Martin Luther King Jr. Derived His Leadership From the Core Tradition of the Black Baptist Church

Minister, historian


Human rights advocate the Reverend Dr. Calvin Sylvester Morris was born March 16, 1941, in Philadelphia. He attended Meade Elementary School and Vaux Junior High School. Morris was awarded a partial scholarship to Friends Select High School, a private Quaker school known for its high standards. One of two black students in his class, Morris graduated with honors in 1959. He then went on to Lincoln University in Oxford, Pennsylvania graduating cum laude in 1963 with a B.A. in history. At Boston University, he earned an M.A. in history in 1964 and an S.B.T. in theology in 1967. Morris was also ordained in the United Methodist Church.

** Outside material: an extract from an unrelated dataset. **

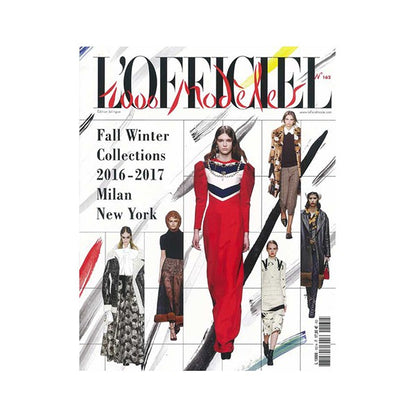 L'OFFICIEL 1000 MODELES MI-NY 162 A-W 2016-17 Miglior Prezzo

Later in 1967, Morris moved to Chicago to work on his Ph.D., but was asked by the Reverend Jesse Jackson to become the associate director and national coordinator of the Southern Christian Leadership Conference's Operation Breadbasket, now the Rainbow/PUSH Coalition. He served from 1967 to 1971, through the assassinations of Dr. Martin Luther King, Jr. and Fred Hampton. Breadbasket attracted activists and celebrities like Fannie Lou Hamer, Bill Cosby, Julius "Cannonball" Adderly, Rosa Parks, Bishop Desmond Tutu, Mahalia Jackson and Sammy Davis, Jr.

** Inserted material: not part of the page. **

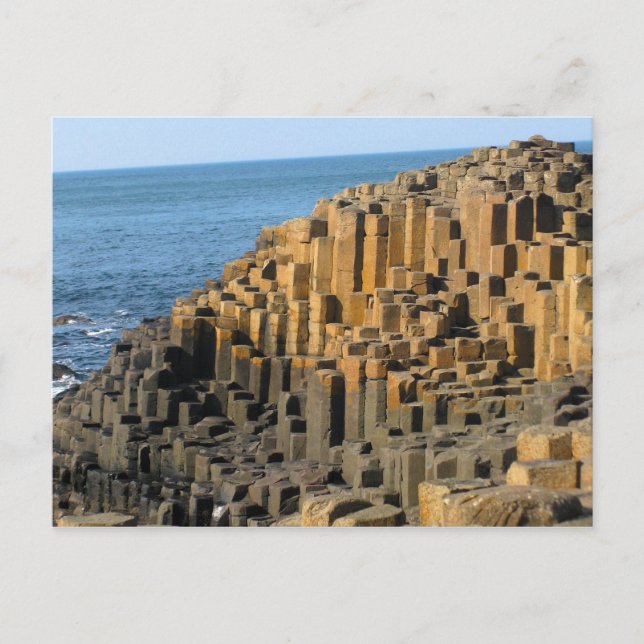Giants Causeway - Northern Ireland - Postcard (Front)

From 1971 to 1973, Morris was coordinator of the African American Studies Program at Simmons College in Boston. As executive director of Atlanta's Martin Luther King, Jr. Center for Non-Violent Social Change from 1973 to 1976, Morris was again associated with SCLC as he worked directly with Coretta Scott King. In 1976, he began a sixteen-year professional association with Howard University's School of Divinity during which he worked as director of ministries to church and Society, director of field education and associate professor of pastoral theology. Morris earned his Ph.D. in American history from Boston University in 1982. He was executive vice president of Academic Services and academic dean at Interdenominational Theological Center in Atlanta from 1992 to 1998. Chicago's Community Renewal Society (CRS) hired Morris as executive director in 1998. At CRS, Morris presides over two publications, a staff of forty-seven and a budget of $4.5 million.

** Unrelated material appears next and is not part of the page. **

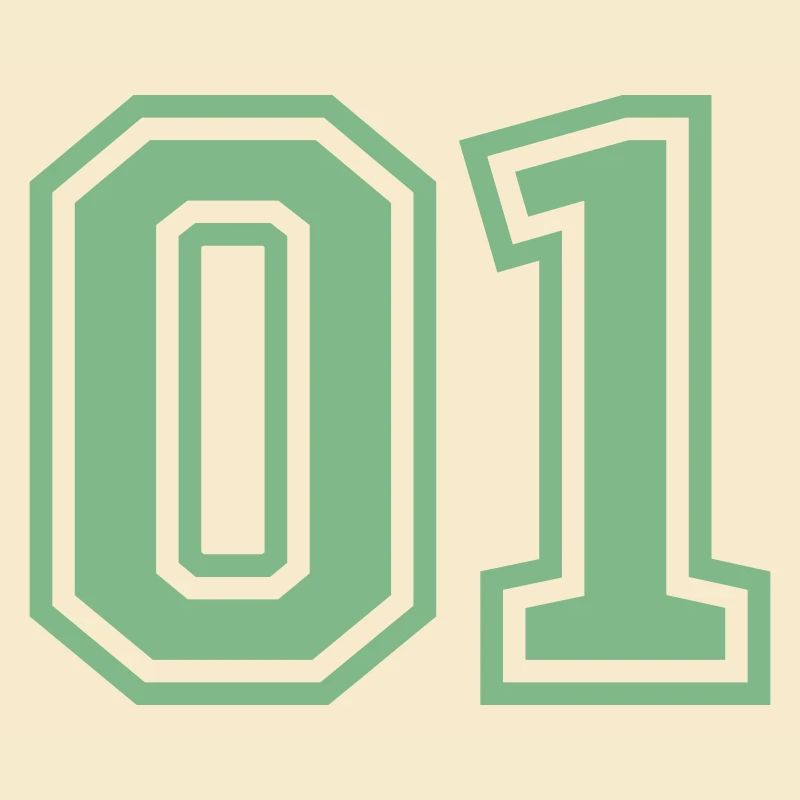 01 eins nummer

Morris is a board member of the Golden Apple Foundation, Chicago Chamber Musicians, Chicago Theater Company,Sojourner and the Wieboldt Foundation. He is a co-convener of the Justice Coalition of Greater Chicago and is a co-chairman of Jobs for Justice Clergy Committee. Morris was elected treasurer of the Board of Trustees of Lincoln University, his alma mater. He lives near his daughter in Chicago.